BEGIN

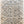Load image into Gallery viewer, Torres White and Black Wool Rug - Staunton and Henry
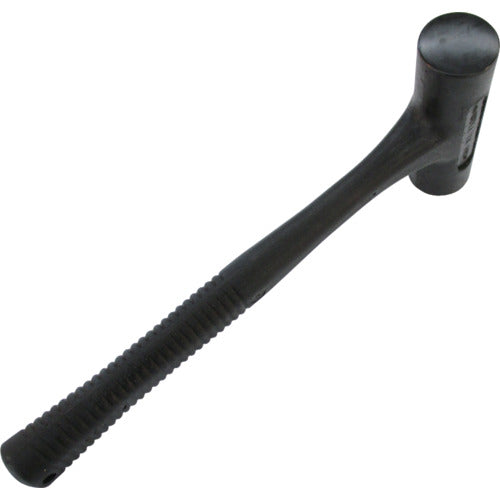 Maeda Shell Shockless Hammer Compotan Hammer 1.2 lbs 1XHD 1 piece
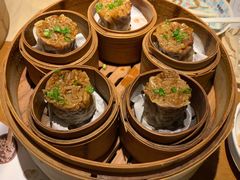 -南小馆(迪士尼小镇店)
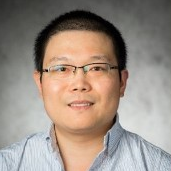 Dr. Ying Li avatar image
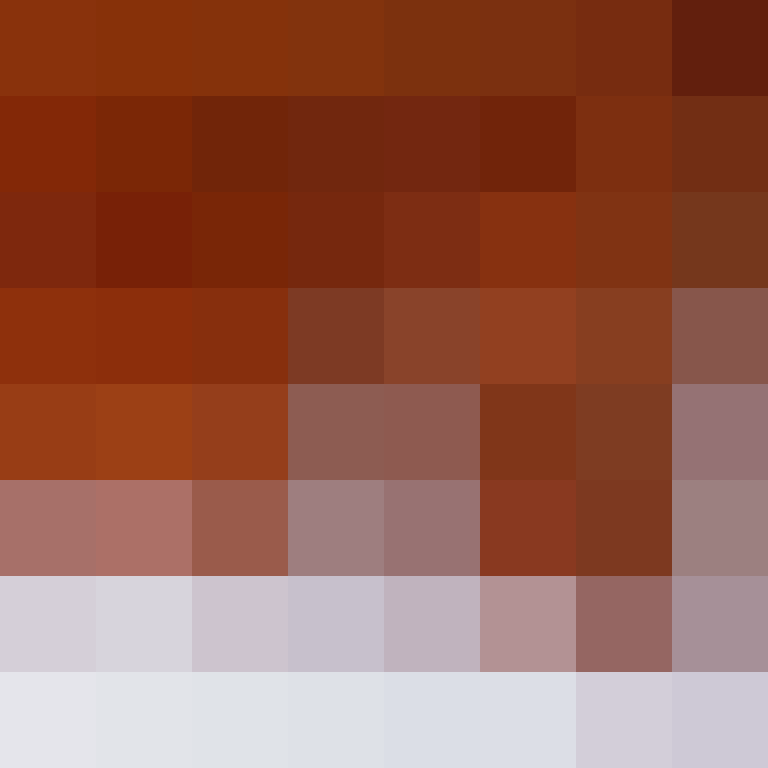 hellstruckedz's skin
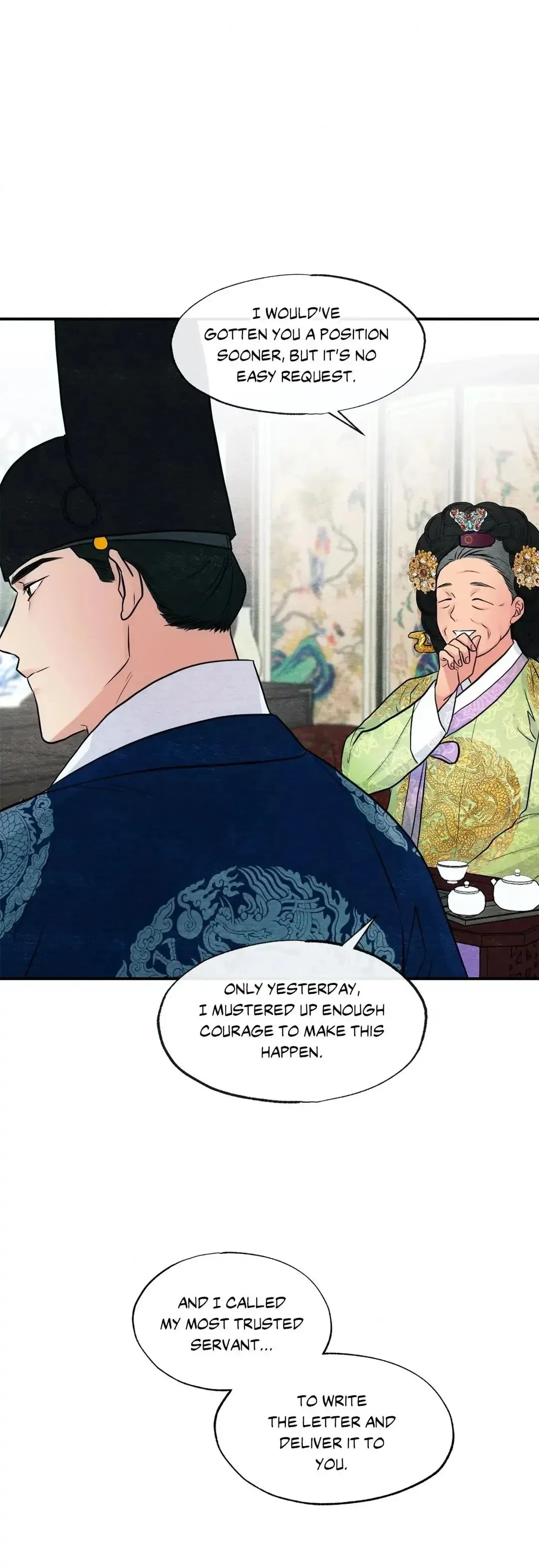 Chapter 26, page 28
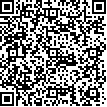 Código QR de la empresa Country car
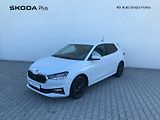 Škoda Fabia (2025) SELEC TS 85/1.0 A7F - náhled 1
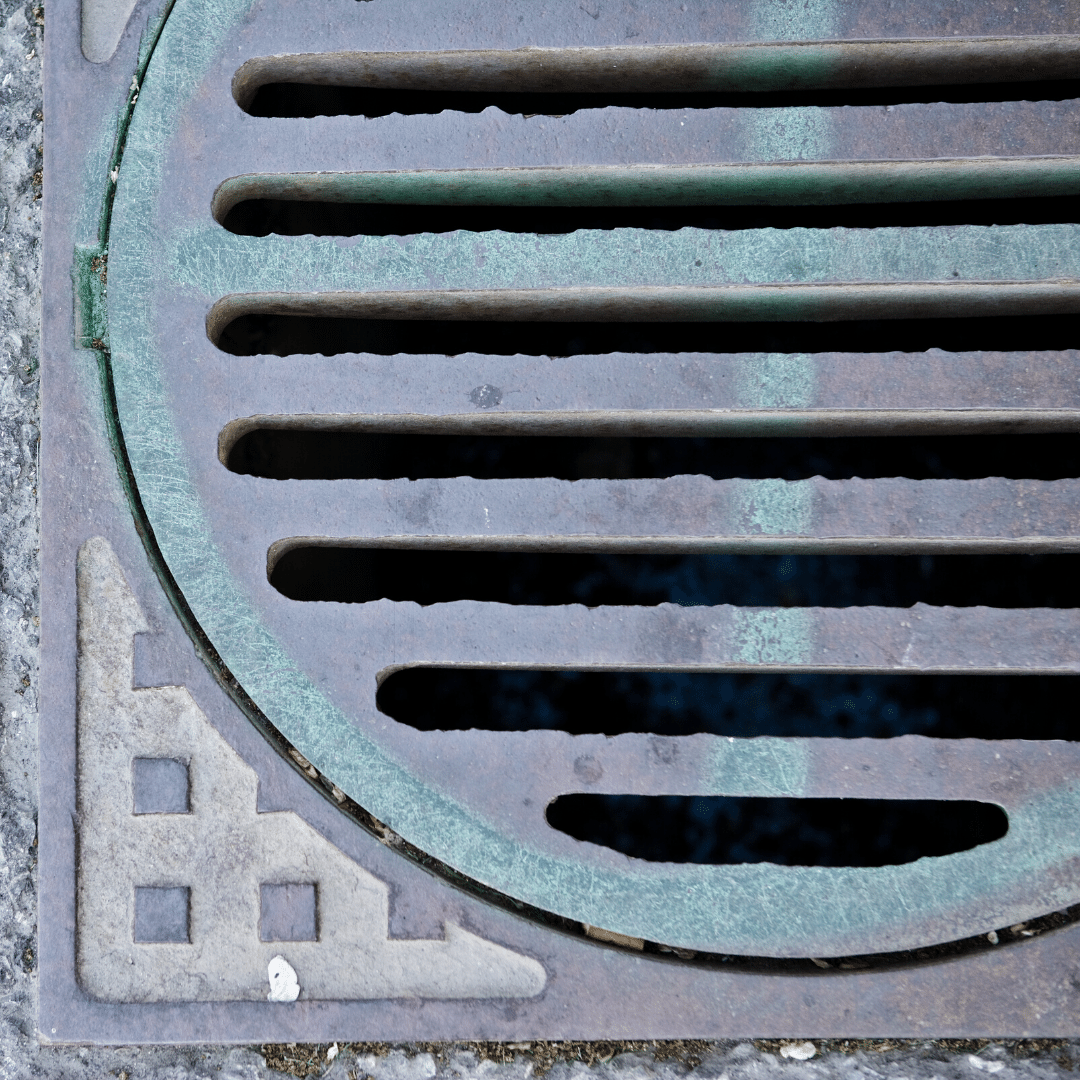 Sewer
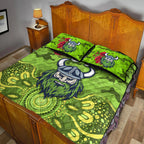 custom-personalised-canberra-raiders-anzac-2022-quilt-bed-set-indigenous-vibes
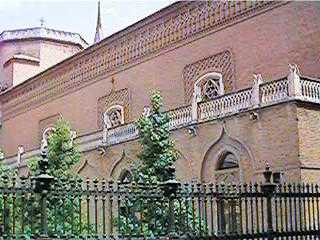 Fot&oacute;grafo por un dia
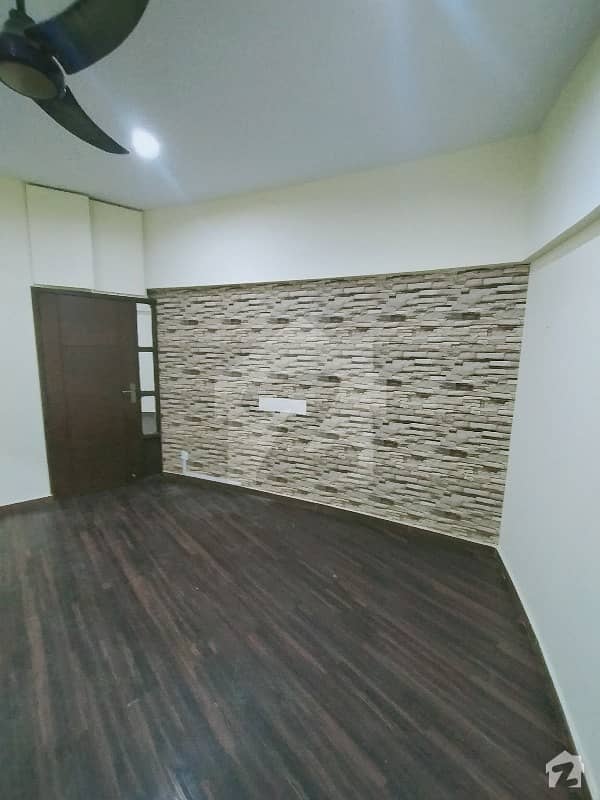 Apartment For Rent In Ittehad commercial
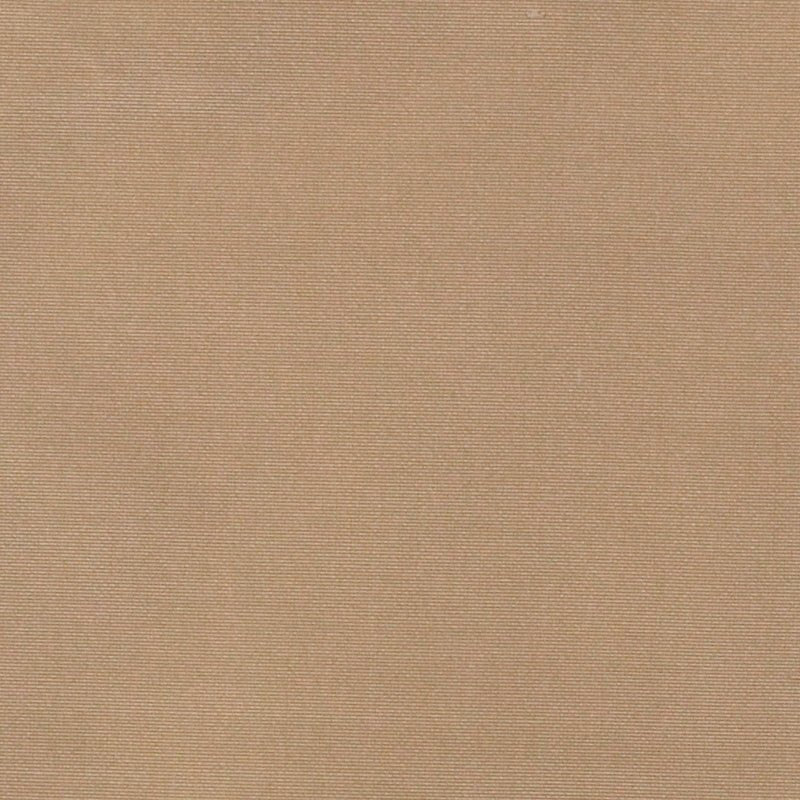 800255H | 634-BARLEY - Upholstery - Fabric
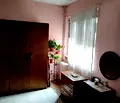 Снимка 5 — Тристаен апартамент в Център, ул. Аксаков с балкон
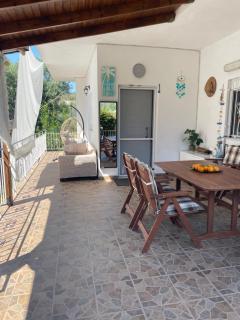Domare - Loutraki - 1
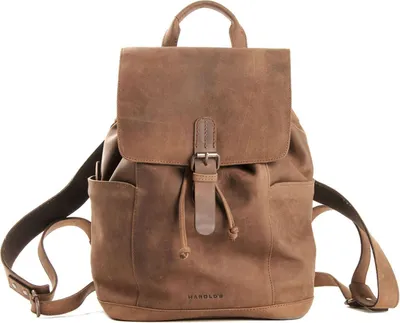 Produktbild von Harold's Rucksack Antic 2712 L 39 x 30 x 14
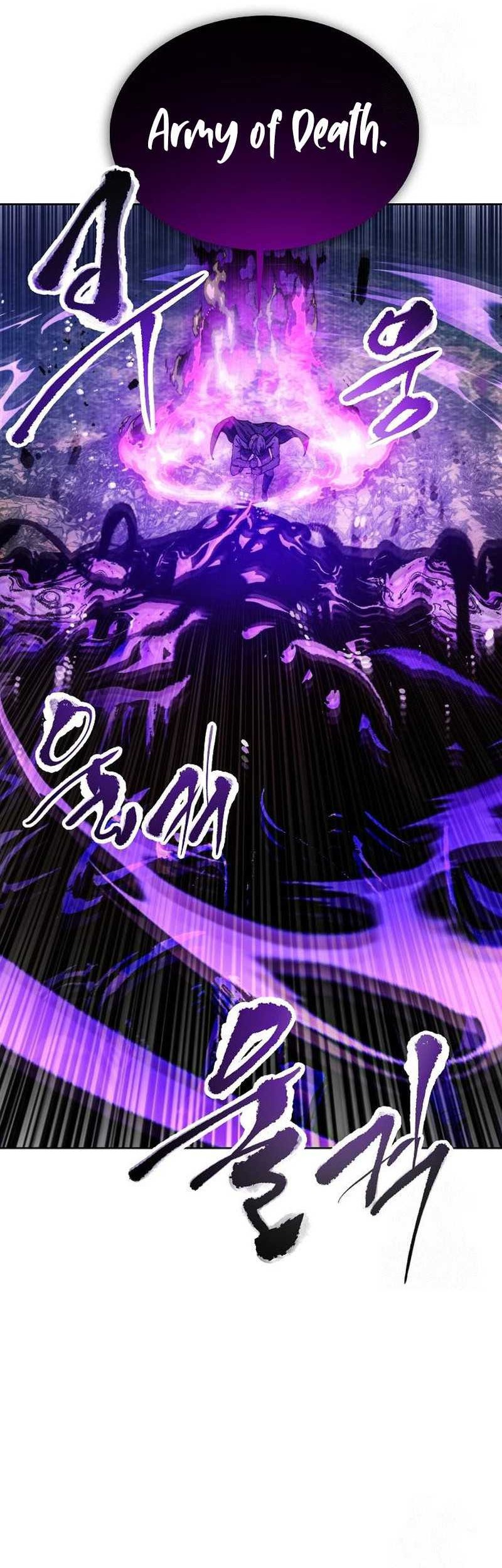 How to Live as a Villain Chapter 187 Gambar 37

END

* [Problem to solve]:
Exact text is required for the lines from the one with "Maeda Shell Shockless" through the last line of the entries, both included. Omit pictures.

* [Your solution]:
 Maeda Shell Shockless Hammer Compotan Hammer 1.2 lbs 1XHD 1 piece
 -南小馆(迪士尼小镇店)
 Dr. Ying Li avatar image
 hellstruckedz's skin
 Chapter 26, page 28
 Código QR de la empresa Country car
 Škoda Fabia (2025) SELEC TS 85/1.0 A7F - náhled 1
 Sewer
 custom-personalised-canberra-raiders-anzac-2022-quilt-bed-set-indigenous-vibes
 Fot&oacute;grafo por un dia
 Apartment For Rent In Ittehad commercial
 800255H | 634-BARLEY - Upholstery - Fabric
 Снимка 5 — Тристаен апартамент в Център, ул. Аксаков с балкон
Domare - Loutraki - 1
 Produktbild von Harold's Rucksack Antic 2712 L 39 x 30 x 14
 How to Live as a Villain Chapter 187 Gambar 37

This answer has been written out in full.